This section demonstrates how you would go about optimizing the actual scripts and methods your game uses, and it also goes into detail about the reasons why the optimizations work, and why applying them will benefit you in certain situations.
There is no such thing as a list of boxes to check that will ensure your project runs smoothly. To optimize a slow project, you have to profile to find specific offenders that take up a disproportionate amount of time. Trying to optimize without profiling or without thoroughly understanding the results that the profiler gives is like trying to optimize with a blindfold on.
So, if you want to make a technologically demanding game that runs on mobile platforms, you probably need Unity Pro for the Profiler.
You can use the internal profiler to figure out what kind of process is slowing your game down, be it physics, scripts, or rendering, but you can’t drill down into specific scripts and methods to find the actual offenders. However, by building switches into your game which enable and disable certain functionality, you can narrow down the worst offenders significantly. For example, if you remove the enemy characters’ AI script and the framerate doubles, you know that the script, or something that it brings into the game, has to be optimized. The only problem is that you may have to try a lot of different things before you find the problem.
For more about profiling on mobile devices, see the profiling section.

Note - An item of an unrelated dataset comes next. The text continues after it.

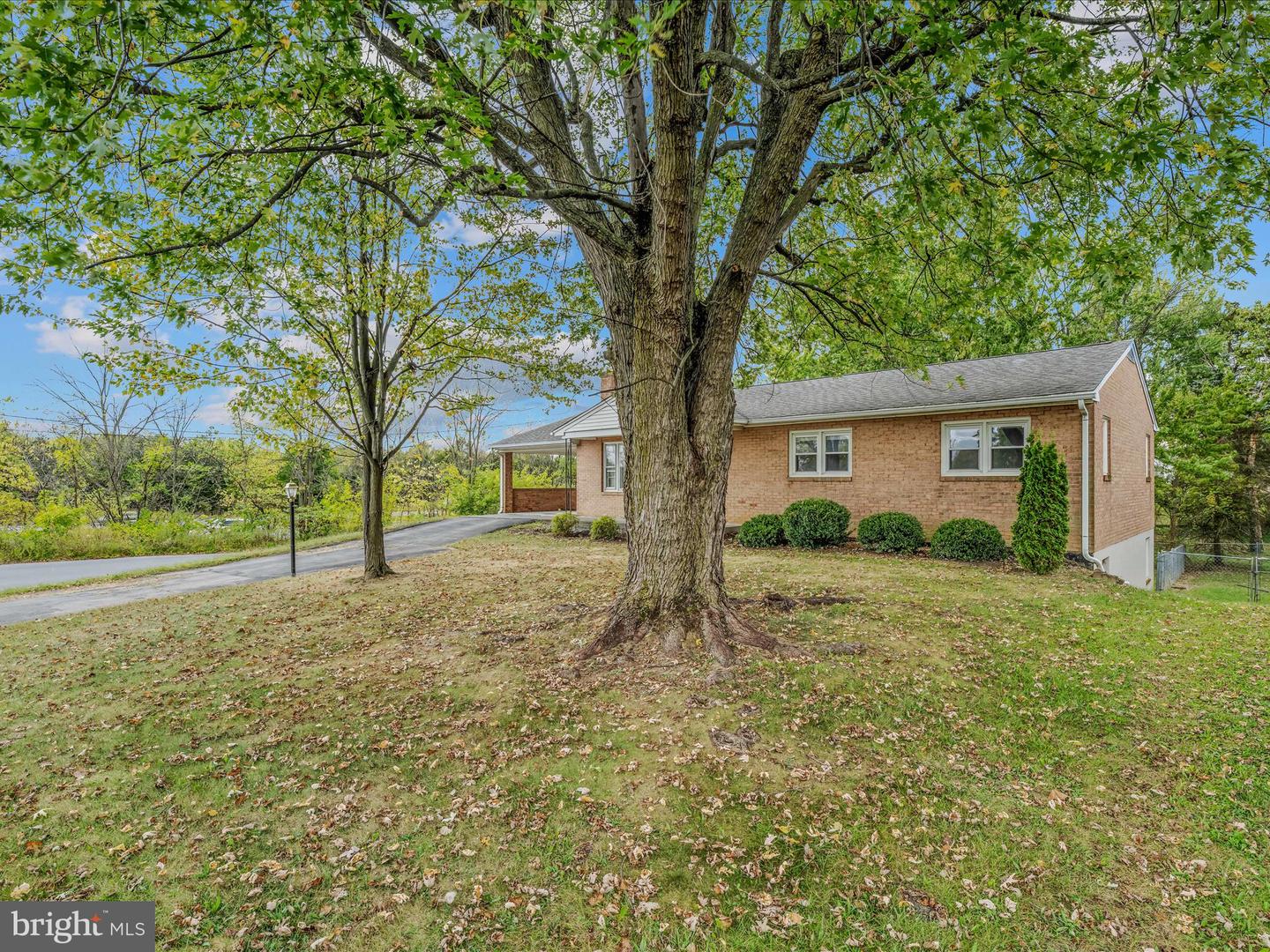 461 IMPERIAL ST, WINCHESTER, Virginia 22601, 4 Bedrooms Bedrooms, ,2 BathroomsBathrooms,Residential,For sale,461 IMPERIAL ST,VAWI2009230 MLS # VAWI2009230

Attempting to develop something which is fast from the beginning is risky, because there is a trade-off between wasting time making things that would be just as fast if they weren’t optimized and making things which will have to be cut or replaced later because they are too slow. It takes intuition and knowledge of the hardware to make good decisions in this regard, especially because every game is different and what might be a crucial optimization for one game may be a flop in another.

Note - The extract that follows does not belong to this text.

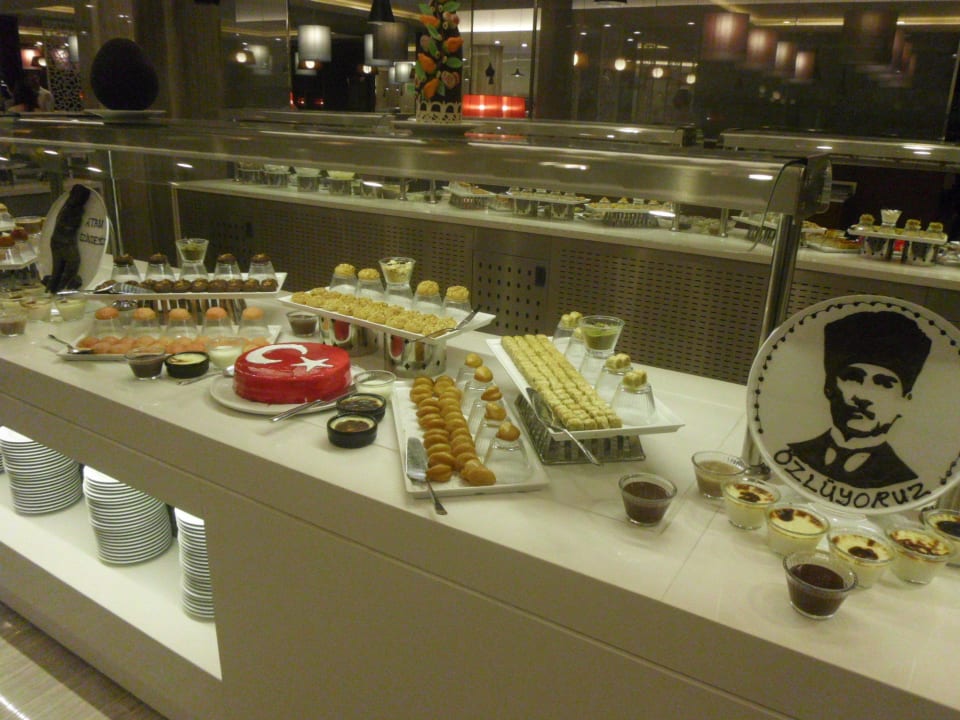 Teil des Desserts The Sense Deluxe Hotel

We gave object pooling as an example of the intersection between good gameplay and good code design in the introduction to optimized scripting methods. Using object pooling for ephemeral objects is faster than creating and destroying them, because it makes memory allocation simpler and removes dynamic memory allocation overhead and Garbage Collection, or GC.

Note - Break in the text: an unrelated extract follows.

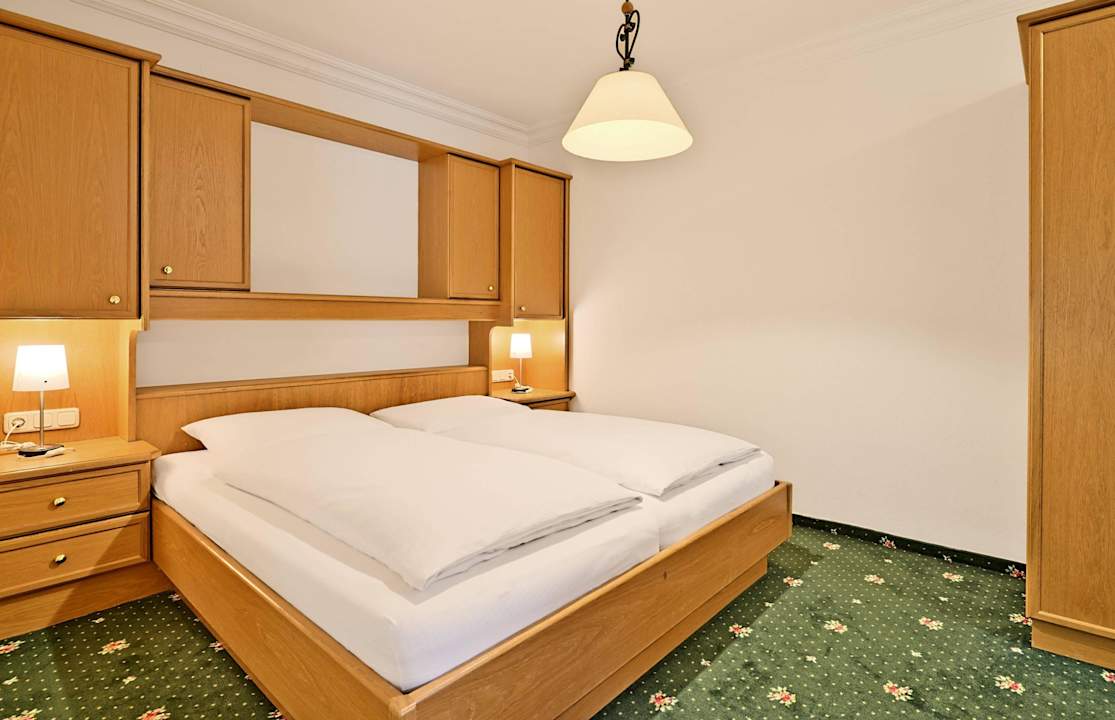 Schlafzimmer Appartementhaus Alpenpark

Scripts you write in Unity use automatic memory management. Just about all scripting languages do this. In contrast, lower level languages such as C and C++ use manual memory allocation, where the programmer is allowed to read and write from memory addresses directly, and as a consequence he is responsible for removing every object he creates. For example, if you create objects in your C++, you have to manually de-allocate the memory that they take up when you are done with them. In a scripting language, it is enough to say objectReference = null;
Note: If I have a game object variable like GameObject myGameObject;
or var myGameObject : GameObject;
, why isn’t it destroyed when I say myGameObject = null;
?
Destroy(myGameObject);
removes that reference and deletes the object.But if you create an object that Unity has no idea about, for example, an instance of a class that does not inherit from anything (in contrast, most classes or “script components” inherit from MonoBehaviour) and then set your reference variable to it to null, what actually happens is that the object is lost as far as your script and Unity are concerned; they can’t access it and will never see it again, but it stays in memory. Then, some time later, the Garbage Collector runs, and it removes anything in memory that is not referenced anywhere. It is able to do this because, behind the scenes, the number of references to each block of memory is kept track of. This is one reason why scripting languages are slower than C++.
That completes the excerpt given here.